Making it back to the bus stop, we found out that Greyhound had not made a decision what to do with the bus. Our driver took a poll and asked who wanted to stay and who wanted to continue on to Orlando, the last stop for the route. Everyone, even the very angry man who threatened to call the police because the bus was so hot and the driver didn’t stop and let him out, agreed to continue on to Orlando…and we almost made it.
The bus was so hot. In spite of that, I was going with the flow. I mean, who has never ridden in a car with no air conditioning. I feel when I travel, it is important for me to take conditions as they are because in the future I may be in a part of the world where this is normal. If I can’t deal with it in the United States where it is abnormal, how can I expect to deal with it when I am in say South America where buses with no air conditioning is normal. I know, most people don’t think like me, but I feel that in spite of the rough conditions, the passengers were very understanding
The driver started shaking his head and when I asked him how much power did the bus have, he would not tell me. He pulled off at the next exit and right there at a red light in Gainesville, the bus died. We did not even have enough power to get out of the street and into a parking lot so that the passengers could sit on the ground. Everyone still kept it together as he got on the phone with the company, out of the bus and tried to see if he could get us out of the street.

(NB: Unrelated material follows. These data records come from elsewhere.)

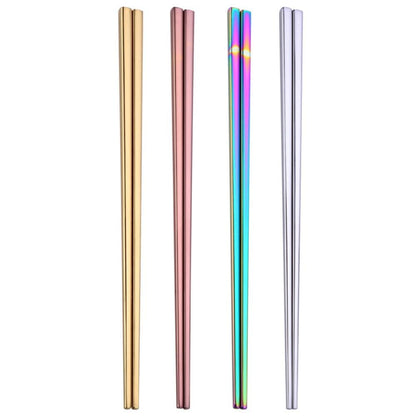 Metal Chopsticks Rainbow (4 Colors) Osaka Street Market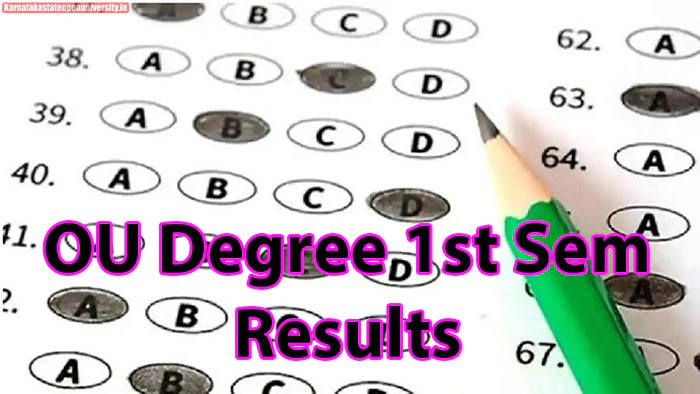 OU Degree 1st Sem Results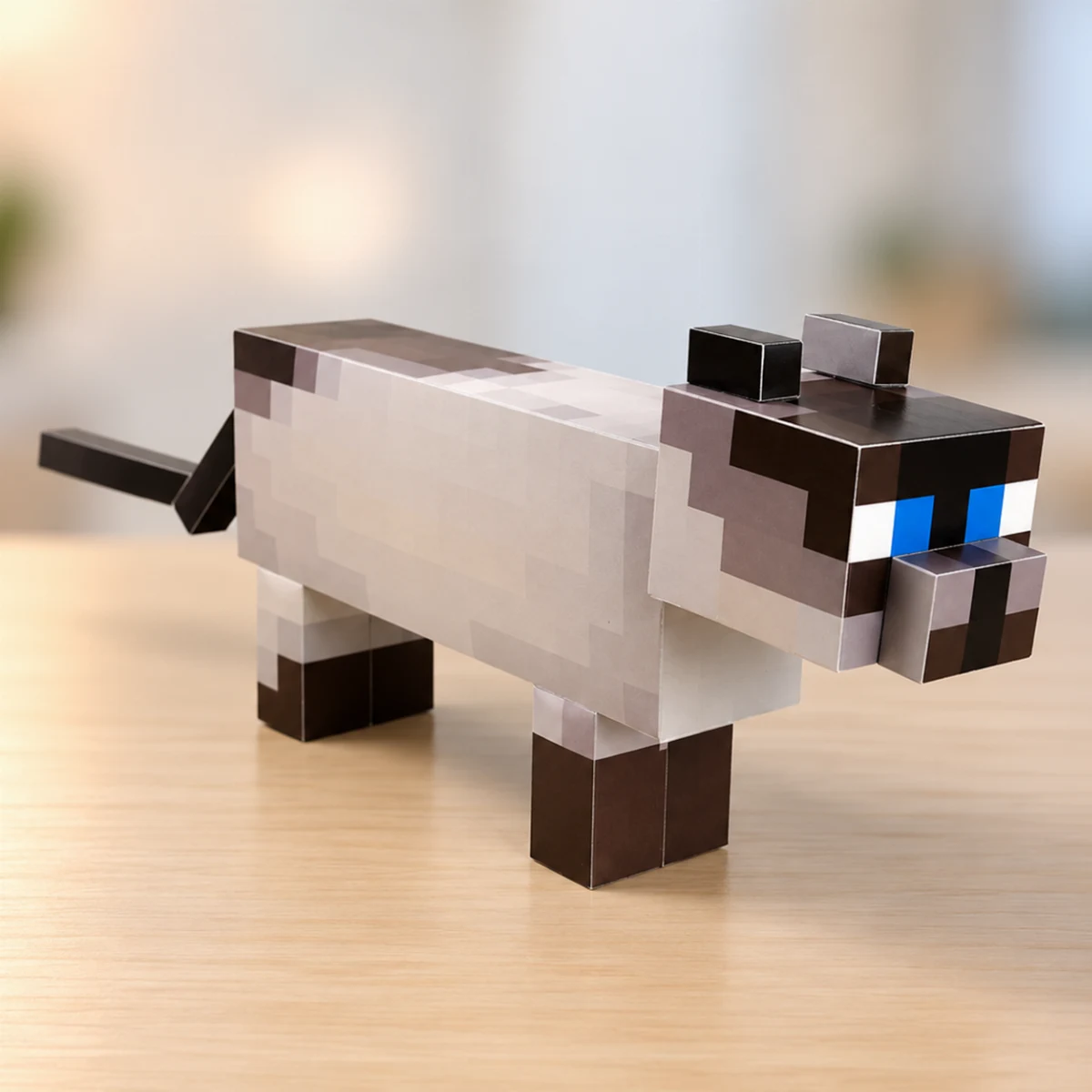 Оригами Кот Сиамский Майнкрафт — Minecraft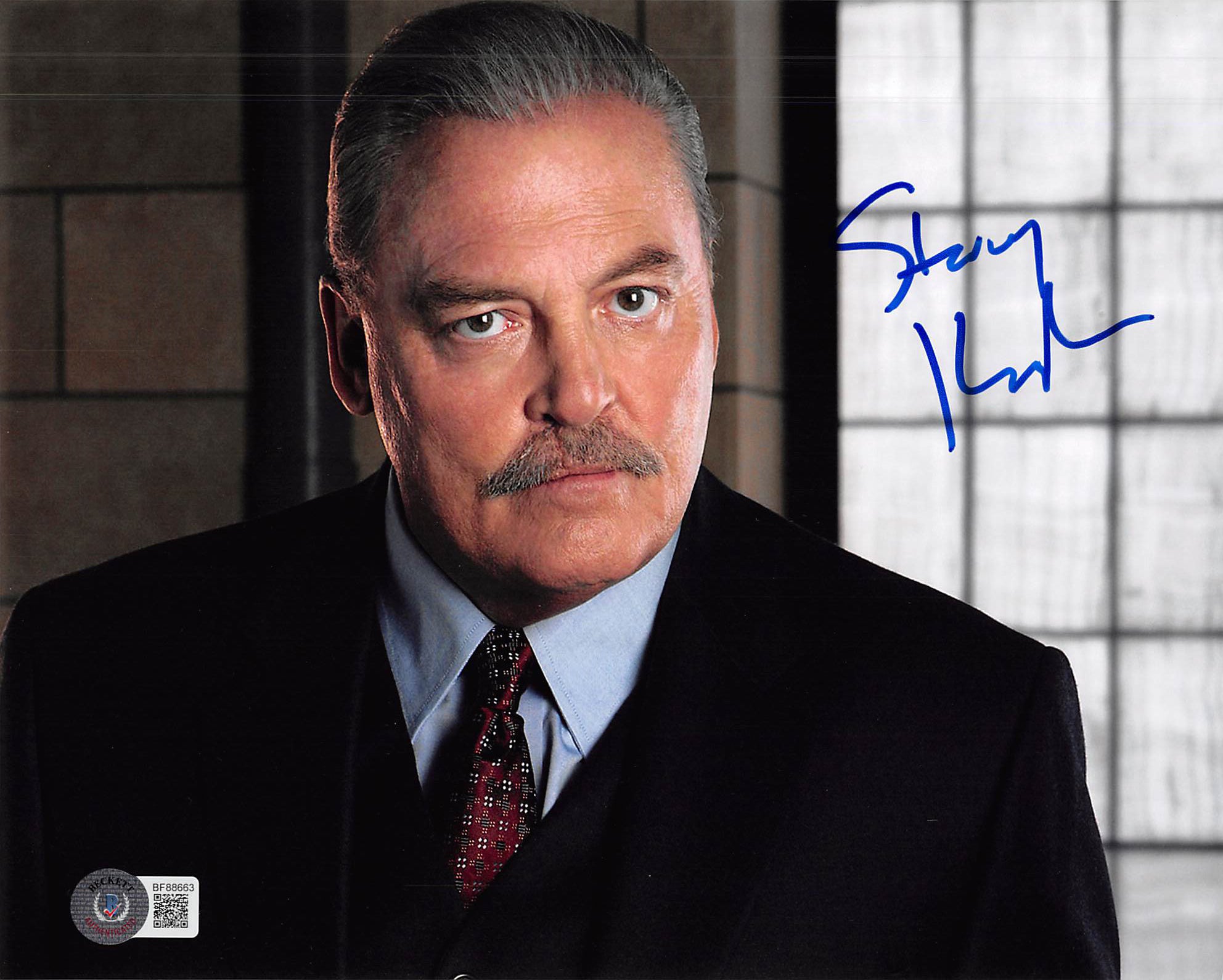 Stacy Keach Prison Break Authentic Signed 8x10 Photo Autographed BAS #BF88663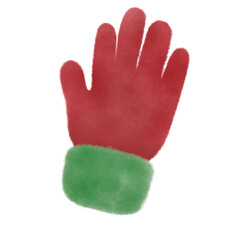 Christmas glove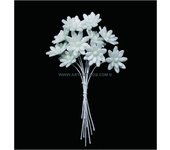 Flor de Porcelana Fría Realista y Duradera - Ideal para Manualidades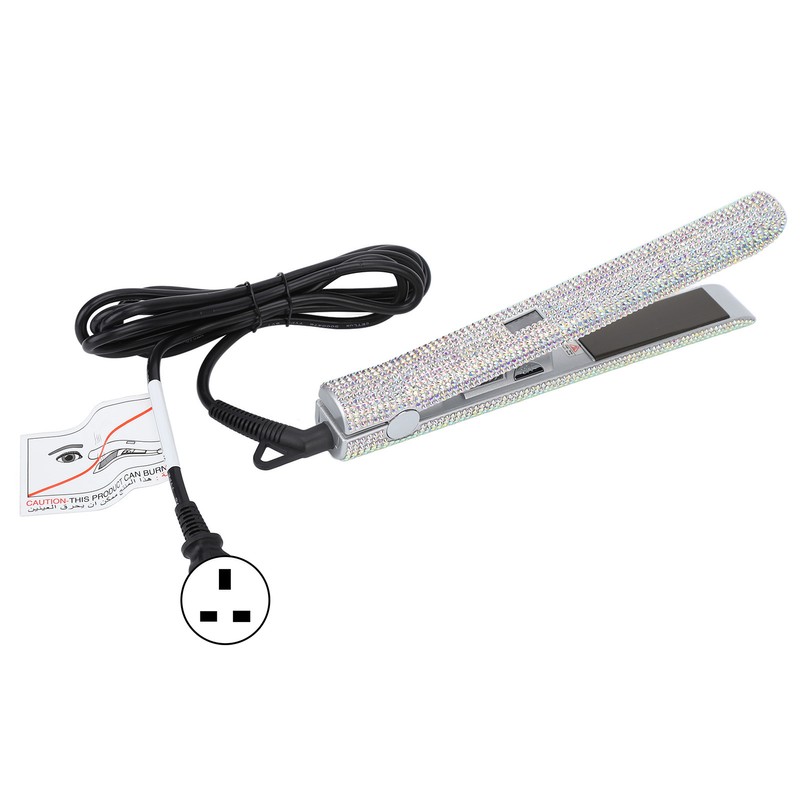 150W Hair Straightener Rhinestone Electric 2 in 1 Faster Shape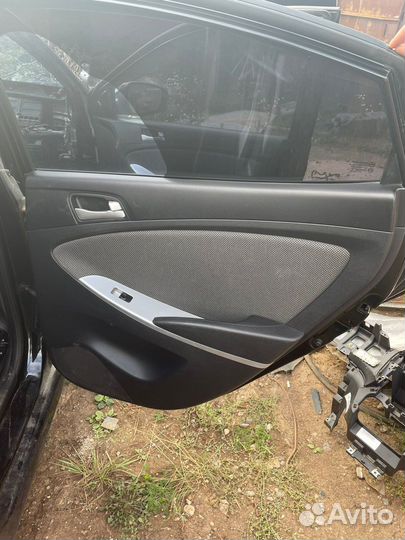 Дверные карты,Обшивки двери Hyundai Solaris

Try as he might, there was nothing he could do. Our driver had to call the police to escort all the passengers off of the bus and across the street to an Applebee’s. Being myself, I am looking for an adventure. Bean and I take off walking to see what we could see. There wasn’t much. It was after nine o’clock at night. We got word that another driver was finally going to be coming from Orlando, but that would take until after midnight. Bean handled the situation well. She found things to play with…sticks, rocks, and grass. She found another six-year-old to play with. They had a blast coloring together and playing tag.
Many passengers began calling their family and friends to come and pick them up. I was beginning to wonder if I was doing the right thing by waiting out the situation to see what would happen next. It was close to one in the morning when the new bus finally showed up. There may have been 30 people left to go all the way to Orlando. Only myself and one other woman needed to go as far as Miami. She had to get to the Consulate for the Dominican Republic by eight o’clock that morning and she was anxious.

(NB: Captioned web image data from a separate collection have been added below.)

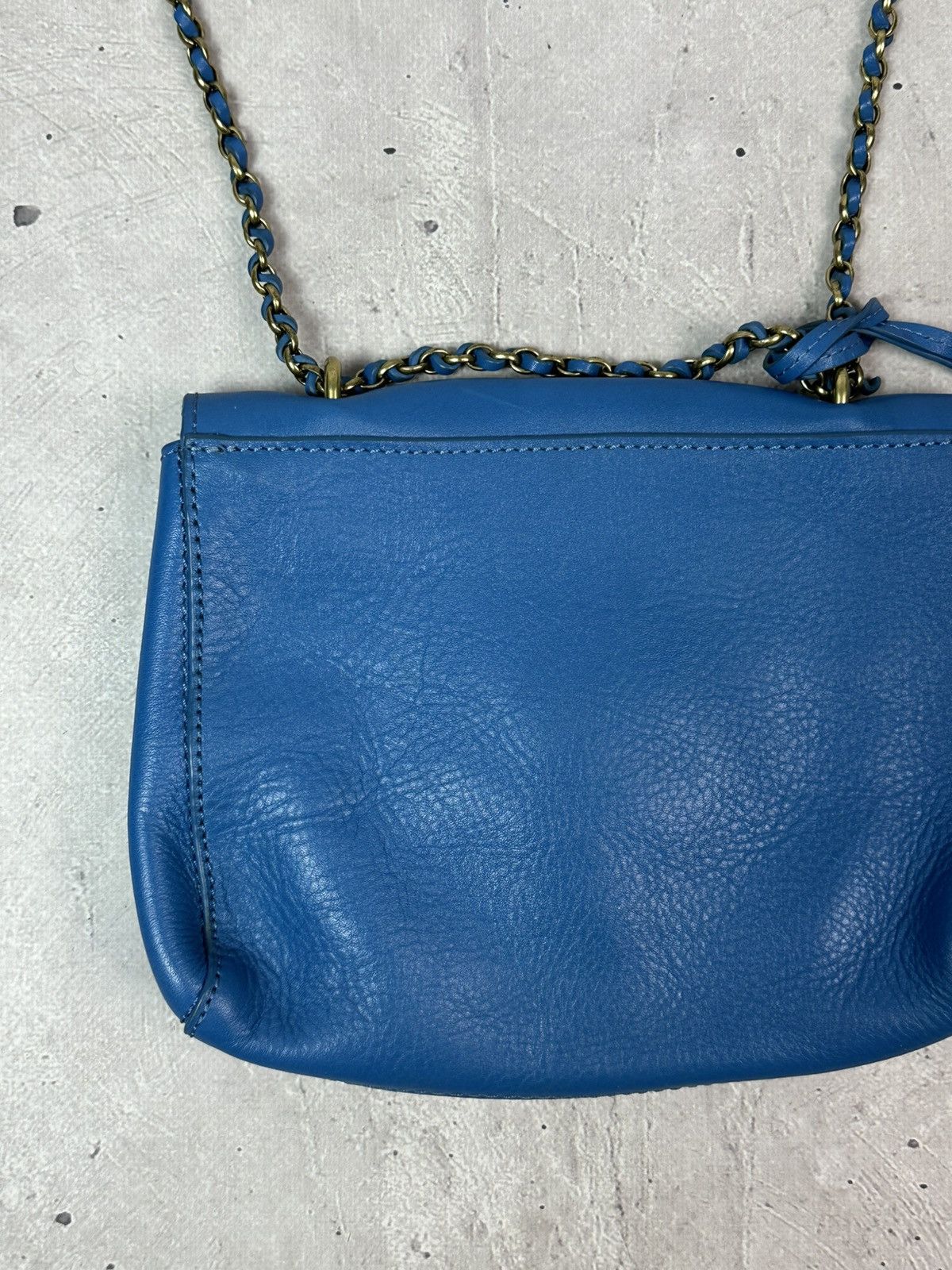 Mulberry Vintage Mulberry Leather Blue Handle Chain Mini Bag Size ONE SIZE - 16 Thumbnail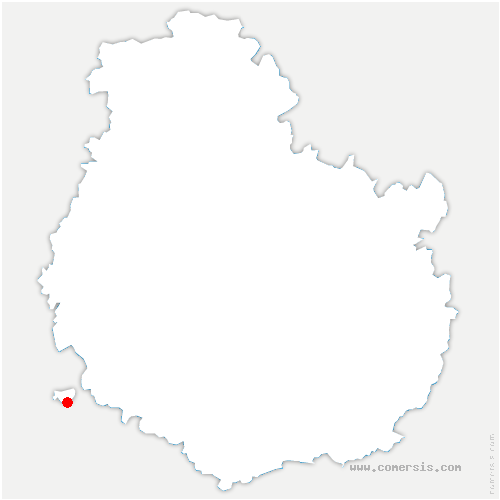 carte de localisation de Ménessaire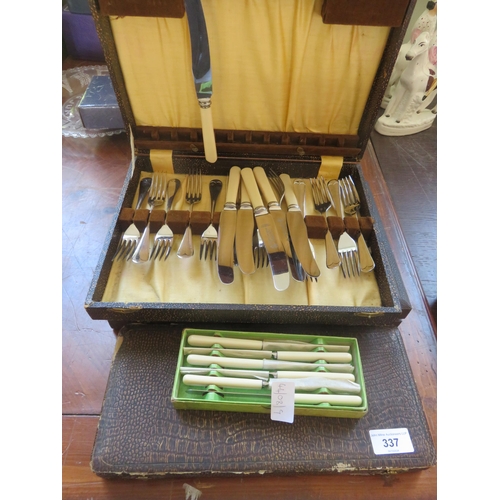 337 - Four Cutlery Sets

Thankfully, we were all able to rest, our driver and the remaining passengers. We got a short nap and then we were in Orlando for a transfer. Once the new bus showed up, the rest of the trip was smooth. We made all the connections without a hitch. The young woman made it to Ft. Lauderdale in time for her appointment at the consulate. Though we were very tired, we made it to Miami seven hours later than planned, in good health and great spirits. Another day, a new adventure.
Imagining this trip earlier this year, I had no idea that so many things would be happening in the United States. I was thinking of an old-fashioned road trip like the ones we used to take with our parents. As time passes on our journey, I find it a little disconcerting that many of the places we have remaining on our route have experienced unrest in the last few weeks. We are going to keep on traveling, seeing friends and family and believing that our time on the road will be safe and happy. Thank you for all the kind thoughts you send our way.